> [PROBLEM STATEMENT] All lines below between the line with "511 North Woodland Drive Dixon IL 61021" and the line with "USA, Illinois, Chicago, City", including both, must be copied exactly, and the pictures must be omitted.

> [EXTRACTED MATERIAL]

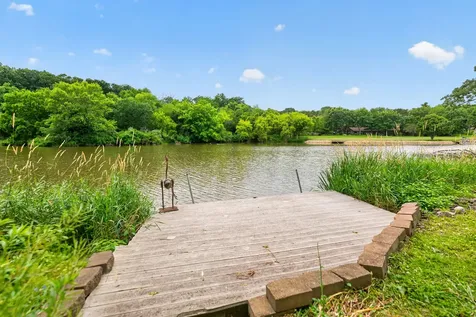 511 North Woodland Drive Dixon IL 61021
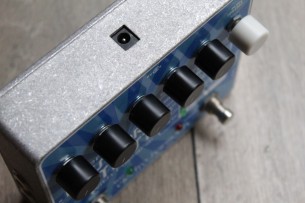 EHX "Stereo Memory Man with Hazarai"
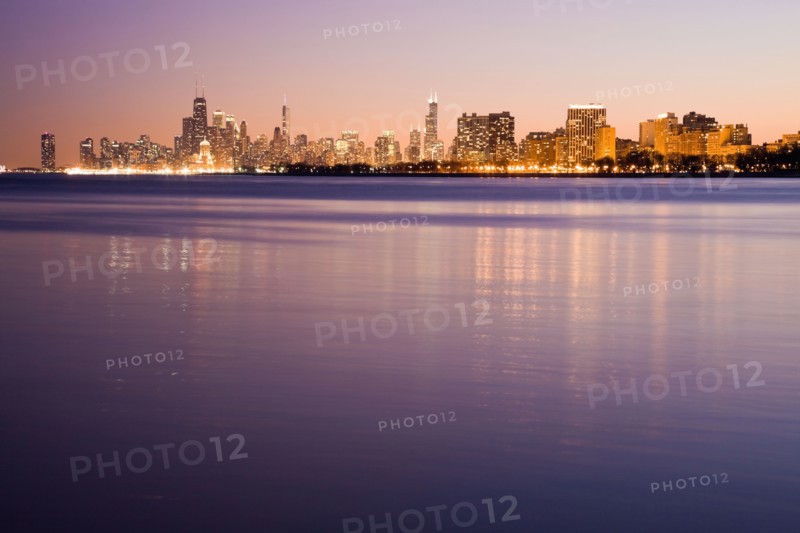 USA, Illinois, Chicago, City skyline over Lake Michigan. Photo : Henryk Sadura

==

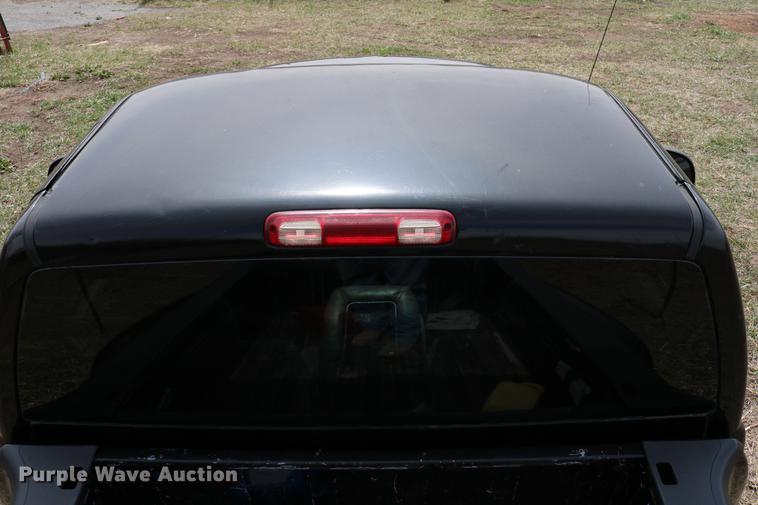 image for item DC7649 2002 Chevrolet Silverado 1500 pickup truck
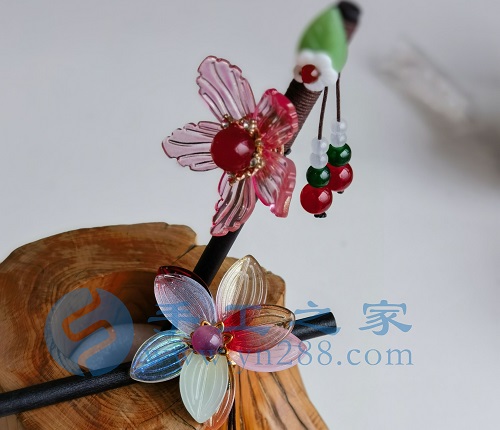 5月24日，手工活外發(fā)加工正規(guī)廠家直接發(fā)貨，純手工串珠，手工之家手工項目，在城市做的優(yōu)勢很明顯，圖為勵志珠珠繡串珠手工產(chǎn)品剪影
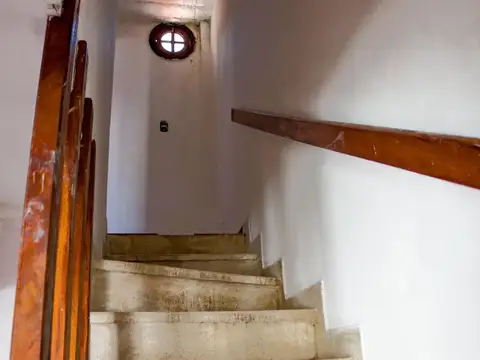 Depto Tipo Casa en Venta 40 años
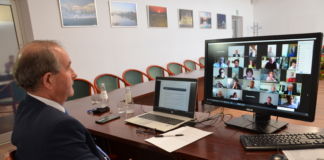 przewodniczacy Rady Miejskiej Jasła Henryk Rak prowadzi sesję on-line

> [YOUR RESPONSE]
 511 North Woodland Drive Dixon IL 61021
 EHX "Stereo Memory Man with Hazarai"
 USA, Illinois, Chicago, City skyline over Lake Michigan. Photo : Henryk Sadura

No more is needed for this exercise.